Only the lines from the one containing "Petite Black Double" through the end of the listing are to be repeated, exactly and without pictures.

## INFORMATION PROVIDED
Start of Block

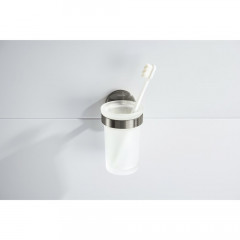 AQ4104BGM ЕВРОПА стакан с держателем, оружейная сталь (шлиф. черный хром)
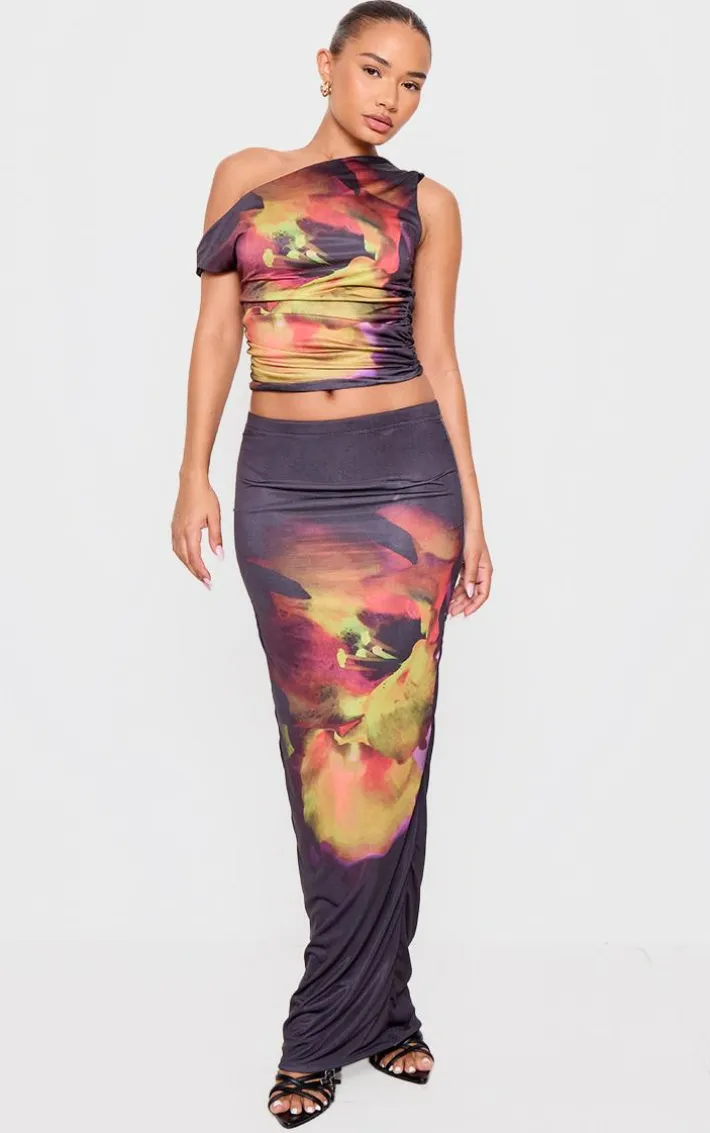 Petite Black Double Slinky Flower Print Maxi Skirt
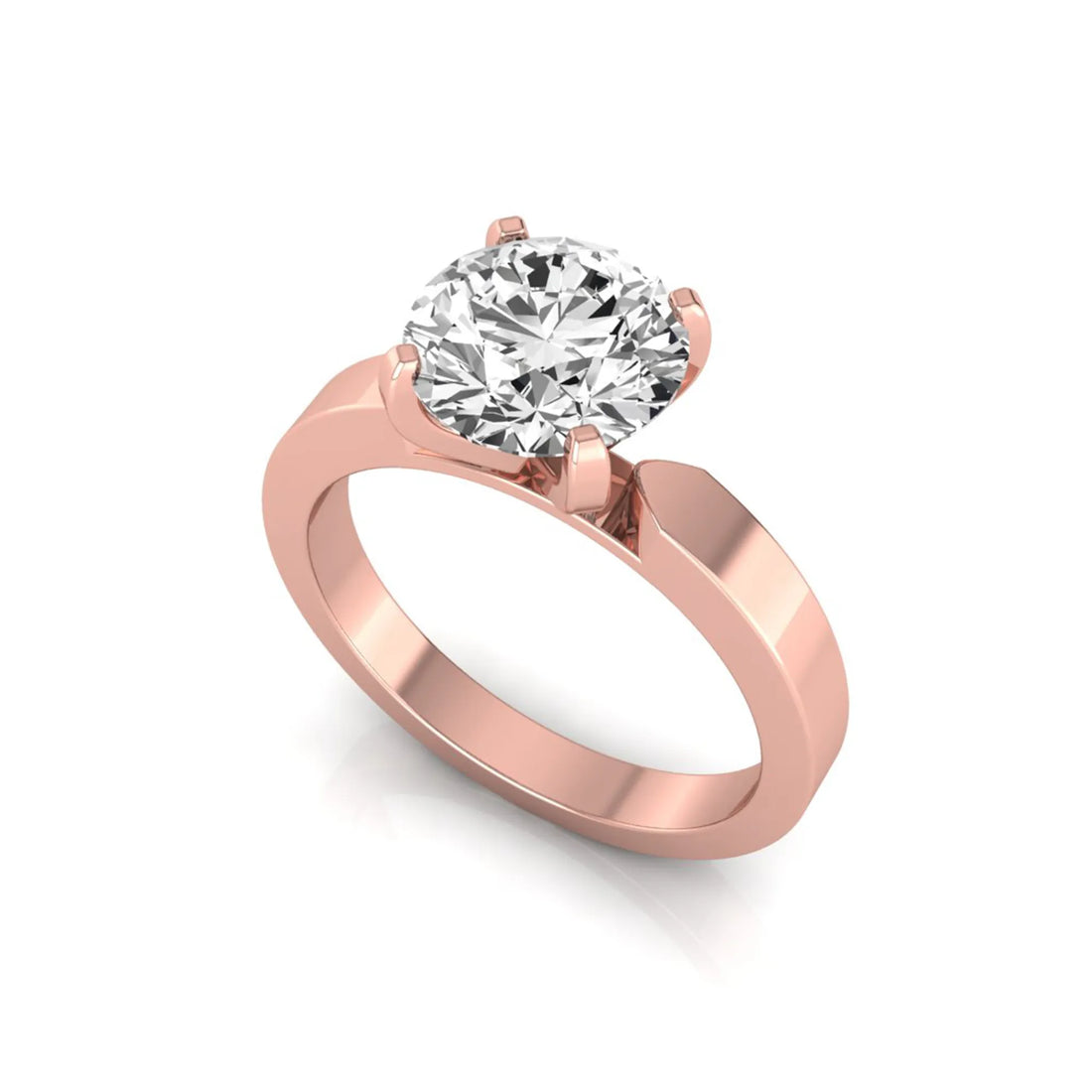 OctaPearl 3 ct Round Cut Solitaire Lab Grown Diamond Engagement Ring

End of Block

## RESULT
 Petite Black Double Slinky Flower Print Maxi Skirt
 OctaPearl 3 ct Round Cut Solitaire Lab Grown Diamond Engagement Ring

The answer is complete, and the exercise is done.